Incidents can be resolved while linked alerts remain active. The alert state is not changed by incident resolution; the incident records the active-alert count at resolution for audit and follow-up. Still-active linked alerts are marked as PostResolutionWatch until they close. If the condition persists, Lumetry can reopen the resolved incident within the configured reopen horizon or create a follow-up incident after the persistence threshold.


Operational support

Maintenance windows (operational suppression)

Maintenance windows suppress incident generation and alert notifications while keeping alerts and existing incidents separate from the maintenance workflow.

Method & pathPurpose
GET /api/maintenance-windowsList maintenance windows.
POST /api/maintenance-windowsCreate a global, metric, service, or CI scoped window.
DELETE /api/maintenance-windows/{id}Remove a window.

Create body

{
"scopeType": "Service",
"scopeNodeId": 42,
"metricId": null,
"startTime": "2026-06-01T22:00:00Z",
"endTime": "2026-06-01T23:00:00Z",
"reason": "Planned service maintenance"
}

Alerts covered by a maintenance window expose incidentEligibility: "MaintenanceSuppressed". Maintenance does not automatically close alerts or resolve incidents.

Problem candidates

Problem candidates are read-only hints for problem management follow-up.
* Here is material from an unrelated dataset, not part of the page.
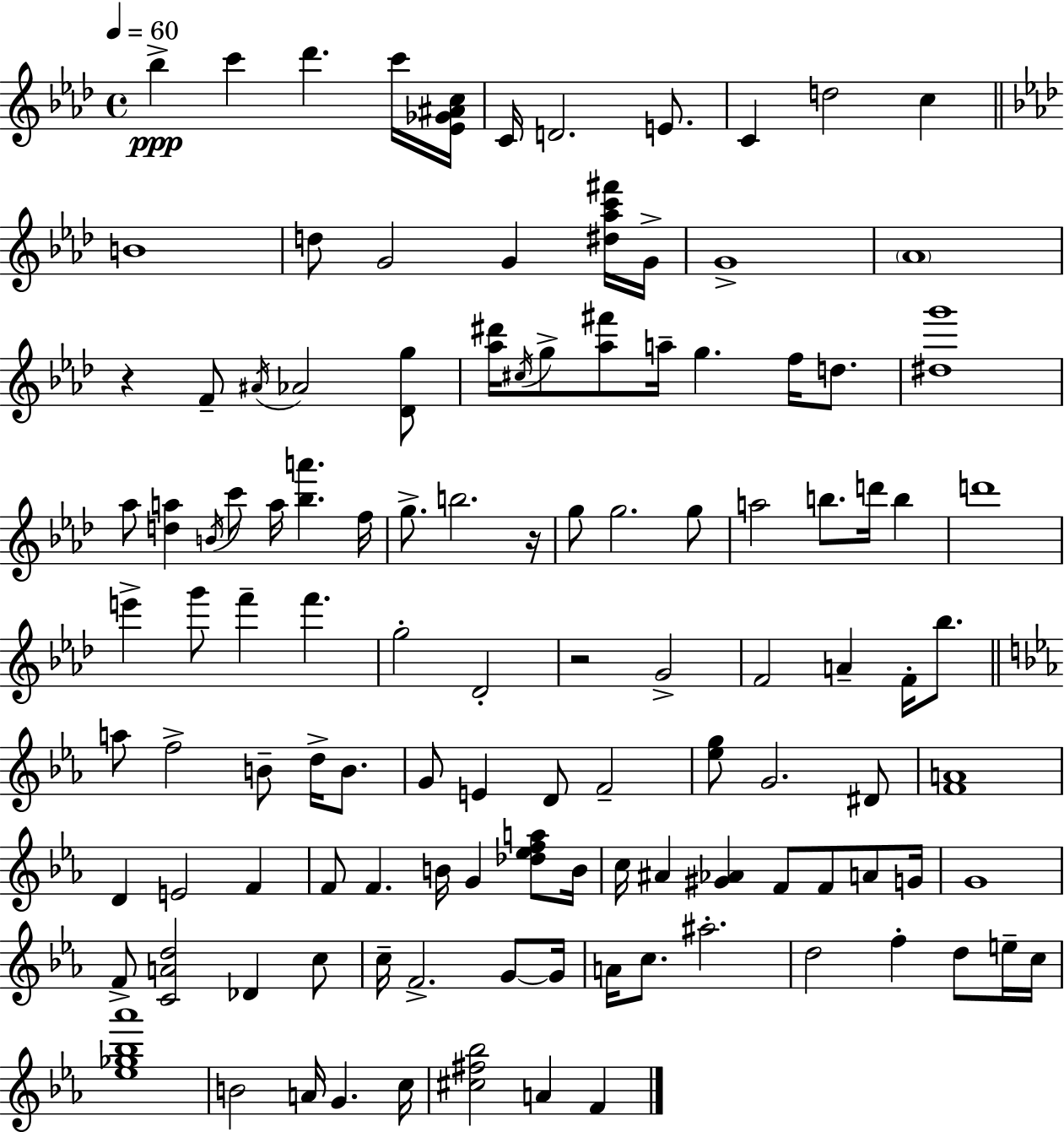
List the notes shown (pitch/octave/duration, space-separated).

Bb5/q C6/q Db6/q. C6/s [Eb4,Gb4,A#4,C5]/s C4/s D4/h. E4/e. C4/q D5/h C5/q B4/w D5/e G4/h G4/q [D#5,Ab5,C6,F#6]/s G4/s G4/w Ab4/w R/q F4/e A#4/s Ab4/h [Db4,G5]/e [Ab5,D#6]/s C#5/s G5/e [Ab5,F#6]/e A5/s G5/q. F5/s D5/e. [D#5,G6]/w Ab5/e [D5,A5]/q B4/s C6/e A5/s [Bb5,A6]/q. F5/s G5/e. B5/h. R/s G5/e G5/h. G5/e A5/h B5/e. D6/s B5/q D6/w E6/q G6/e F6/q F6/q. G5/h Db4/h R/h G4/h F4/h A4/q F4/s Bb5/e. A5/e F5/h B4/e D5/s B4/e. G4/e E4/q D4/e F4/h [Eb5,G5]/e G4/h. D#4/e [F4,A4]/w D4/q E4/h F4/q F4/e F4/q. B4/s G4/q [Db5,Eb5,F5,A5]/e B4/s C5/s A#4/q [G#4,Ab4]/q F4/e F4/e A4/e G4/s G4/w F4/e [C4,A4,D5]/h Db4/q C5/e C5/s F4/h. G4/e G4/s A4/s C5/e. A#5/h. D5/h F5/q D5/e E5/s C5/s [Eb5,Gb5,Bb5,Ab6]/w B4/h A4/s G4/q. C5/s [C#5,F#5,Bb5]/h A4/q F4/q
They are derived from persistent post-resolution watches, reopened incidents, and repeated non-impact resolution classifications.

Method & pathPurpose
GET /api/problem-candidates?status=&type=&limit=500List open or dismissed candidates.

Evaluation jobs (troubleshooting the queue)

Method & pathPurpose
GET /api/evaluation-jobs/summaryQueue health summary (counts by status).
GET /api/evaluation-jobs/failed?limit=100Terminally failed jobs with last_error, for poison-job diagnosis.

Incident windows (baseline hygiene)

Operator-declared periods excluded from baseline learning — not part of the operational incident model above.

Method & pathPurpose
GET /api/incident-windowsList windows.
POST /api/incident-windowsCreate a window.
DELETE /api/incident-windows/{id}Remove a window.

Public holidays

Public-holiday records are another baseline-hygiene input. They help exclude predictable calendar anomalies from baseline learning.

Method & pathPurpose
GET /api/public-holidaysList public holidays.
POST /api/public-holidaysAdd a public holiday.
DELETE /api/public-holidays/{id}Remove a public holiday.

Create body

{
"metricId": null,
"startTime": "2026-06-01T22:00:00Z",
"endTime": "2026-06-01T23:00:00Z",
"reason": "Planned maintenance"
}
FieldMeaning
metricIdSpecific metric key, or null for a global window.
startTime / endTimeThe excluded period.
reasonWhy the period is excluded.

The response includes createdBy as the authenticated user's numeric ID, or null for a system-created record. Clients cannot supply this audit field.